Second, healthcare systems need practical mechanisms to replace obsolete infrastructure with modern digital infrastructure while limiting political and economic friction. Healthcare struggles to wind down ineffective infrastructure, simply because ineffective infrastructure also tends to attract demand in the grey zone. In the absence of wind-down, the economic burden on health systems doubles as new infrastructure arises alongside existing infrastructure.

The Governance Imperative

Healthcare transformation is fundamentally a governance challenge. The task involves designing systems where better care produces less care and where superior care models scale. Meaningful transformation begins with a deceptively simple question: why does healthcare grow, and what is that growth compensating for?

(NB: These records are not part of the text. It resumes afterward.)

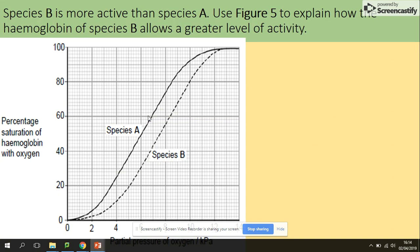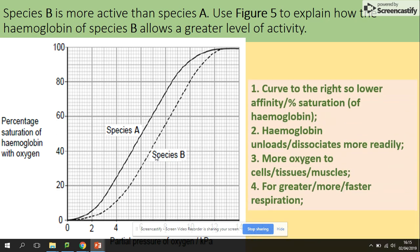Practice question: Species B is more active than Species A. Use Figure 5 to explain how the hemoglobin of Species B allows a higher level of activity. Species B's curve is shifted more to the right. According to our notes, a curve shifted right indicates lower affinity. Lower affinity means the hemoglobin can unload oxygen more easily, providing more oxygen for more aerobic respiration. Curve to the right: lower affinity, hemoglobin unloads easily, more oxygen available for more respiration.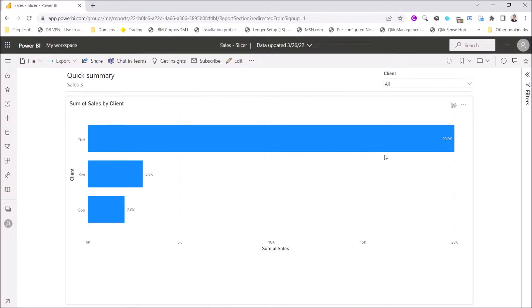Hi all, today in this video I am going to show you how to export Power BI reports into PDF using the slicer. I am going to run Power Automate now to show you what it is going to do.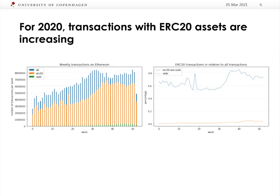Now let's look at the results. To put it into perspective, traffic generally increases on Ethereum in 2020, partially due to an increase in gas limit on the 20th of June. The number of ERC-20 transactions is increasing not only in an absolute sense, shown on the left side, but also in relation to all transactions, shown on the right side.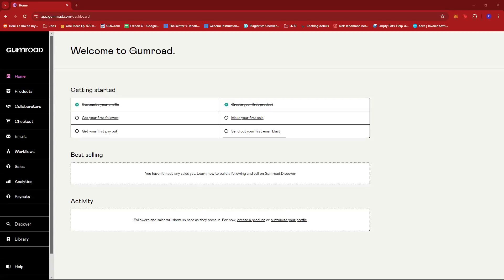In this video, I'm going to show you how to edit price on Gumroad. So the first thing you need to do is to log into your Gumroad account and then head to the home page.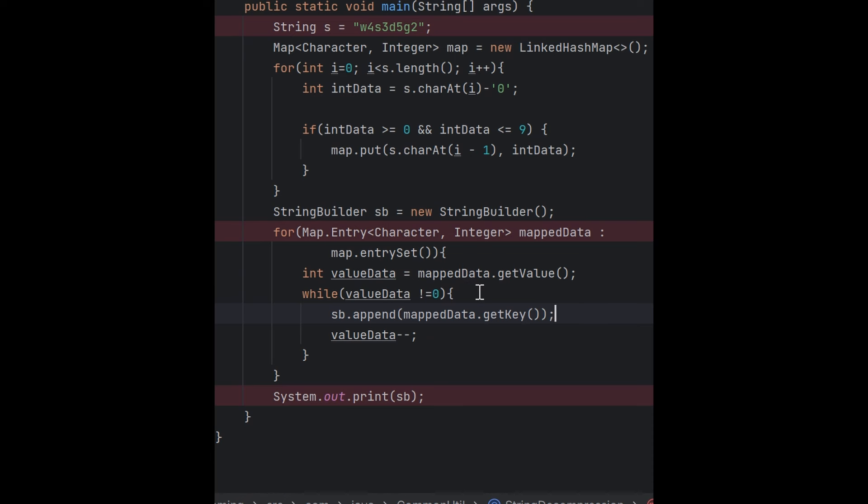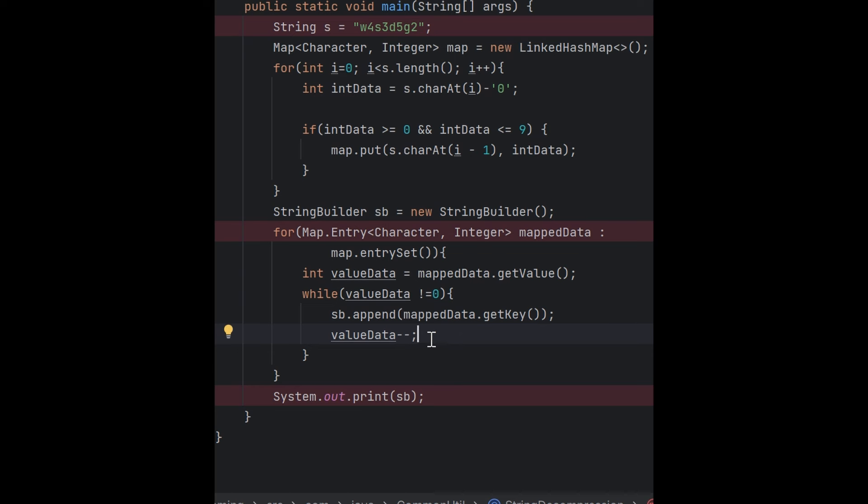While value data is not equal to zero, that means four times I have to print. So I'm appending the key part to the StringBuilder and decrementing the value part from four, then three, two, one. This loop will run four times to print the character.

Sander’s work reveals that answers are complex but not mysterious. Healthcare grows because organizational realities exist alongside patients’ needs. It grows because incentives reward activity over appropriateness. It grows because quality improvements consume resources, and professionals deserve sustainable working conditions. It grows because innovation creates possibilities, and the grey zone of medical practice permits substantial variation in what qualifies as necessary care.

Understanding these dynamics redirects leadership focus. The path forward isn’t primarily about payment models or digital tools, though both matter. It’s about creating conditions, where doing right by patients becomes financially viable for providers. It’s about building transparency into practice variation so that professionals can identify low-value care. It’s about governance structures that enable the best providers to expand while others adapt or transition.

Through PwC Strategy&, Sander continues refining and implementing this vision across healthcare systems. His approach offers something increasingly rare in healthcare policy: a path to lower costs without rationing, a strategy for improvement that empowers rather than constrains professionals, and a framework for transformation that acknowledges rather than denies organizational realities. He poses the question that should guide all transformation efforts- not how to do more with less, but how to do better with appropriate. In answering it, he’s rewriting healthcare’s fundamental equation, one counterintuitive truth at a time.